Bill Jones (1919 -1978) was a Yorkshireman. He had his schooling at Doncaster and after teacher-training at York and war service in the Royal Navy read English at Leeds. He followed his B.A. with an M.A. in the same department which took the form of a study on 'The definite article in living Yorkshire dialect' published in Leeds Studies in English and Kindred Languages in 1952.
He spent the 1950s as Lecturer in Phonetics in London at the School of Oriental and African Studies. His war-period service had taken him to India and given him an abiding interest in several of the sub-continent's languages. It had also given him a knowledge of electronics which served as a background to his special interests in the phonetics laboratory at Edinburgh where he moved in 1961, becoming Senior Lecturer in Phonetics there in 1964. In that year he underwent a serious operation for a kidney complaint which had troubled him for some time. His health had been much improved for six years until he was cruelly afflicted with a paralysing stroke in the summer of 1970.
Even his speech had been affected. He had to rehabilitate it from a condition of dysphasia and aphonia which he turned characteristically to account in a paper published in 1972 in the British Journal of Disorders of Communication. Many of his friends and colleagues will recall his bravely cheerful appearance at Leeds in 1975 at the Eighth International Congress of Phonetic Sciences in a wheelchair with the staunch support of his wife Joyce and one of their sons. He fought back courageously to keep his teaching going in such forms as he could manage and he even seemed to write more than he had ever done before.
He had previously published some articles and a few thoughtful, generous reviews mostly in JIPA (the Journal of the International Phonetic Association). He now edited (with John Laver) the excellent selection of articles Phonetics in Linguistlcs (1973) and contributed two articles on Hindi to to JIPA (published in 1971 and 1973) and worked at a scheme which developed from a projected Hindi phonetic reader into a full-blown thesis, presented shortly before his death, on Accent and Intonation in Hindi for which he was awarded a doctorate posthumously. This was work he did while in his last years only kept alive by dialysis.
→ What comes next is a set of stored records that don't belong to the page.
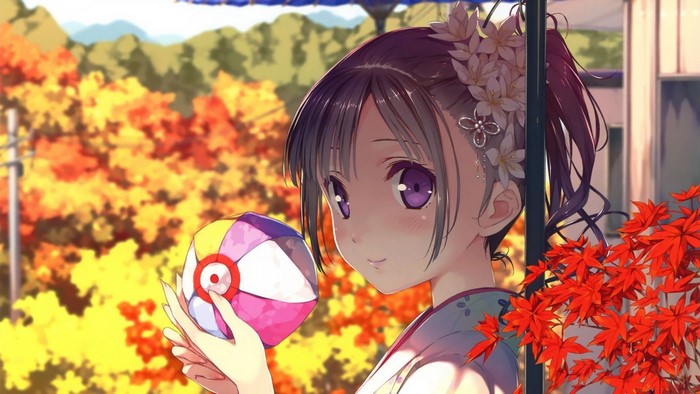 Anime girl in kimono holding a ball with flowers in her hair
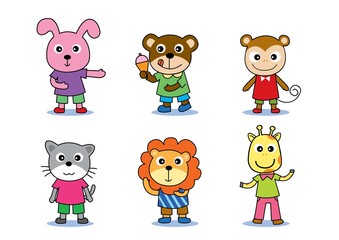 Set Animal Vector Cute. Rabbit, Bear, Monkey, Cat, Lion, Giraffe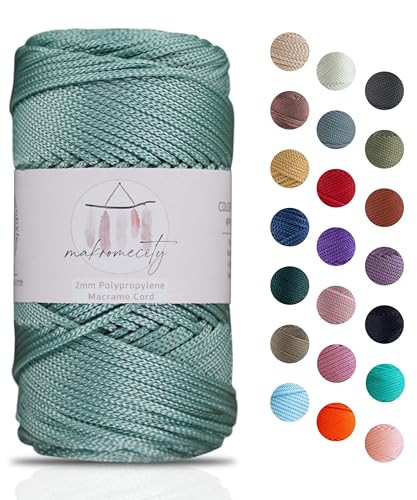 Makromecity Makramee Garn 2mm x 115m Premium Polyester Macrame Cord Polypropylene Yarn für Handwerk Wohndekorationen Platzteller Umhängetasche Handtasche Runner Schnullerkette 20 Farbe von Makromecity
Bill Jones will no doubt best be remembered for his outstandingly likeable personality. What he enjoyed most was human intercourse. He was the most companionable and convivial of friends and colleagues. He was the most sympathetic and helpful of teachers. His good-natured friendliness will be remembered not only by his colleagues and students in phonetics but also by all his pupils on courses, abroad and in this country, for teachers of English as a foreign language. He took immense pleasure in that side of his work particularly in the British Council London Summer School 'The Teaching of Spoken English' he set up and ran for eight years (1962-9).
His interests were wide. He loved music. He could keep a singsong going indefinitely from the piano. He enjoyed reading. He had been a very capable cricketer. He was a delightful raconteur, He was one of the nicest fellows you could possibly meet. His was a great loss to the fellowship of phoneticians.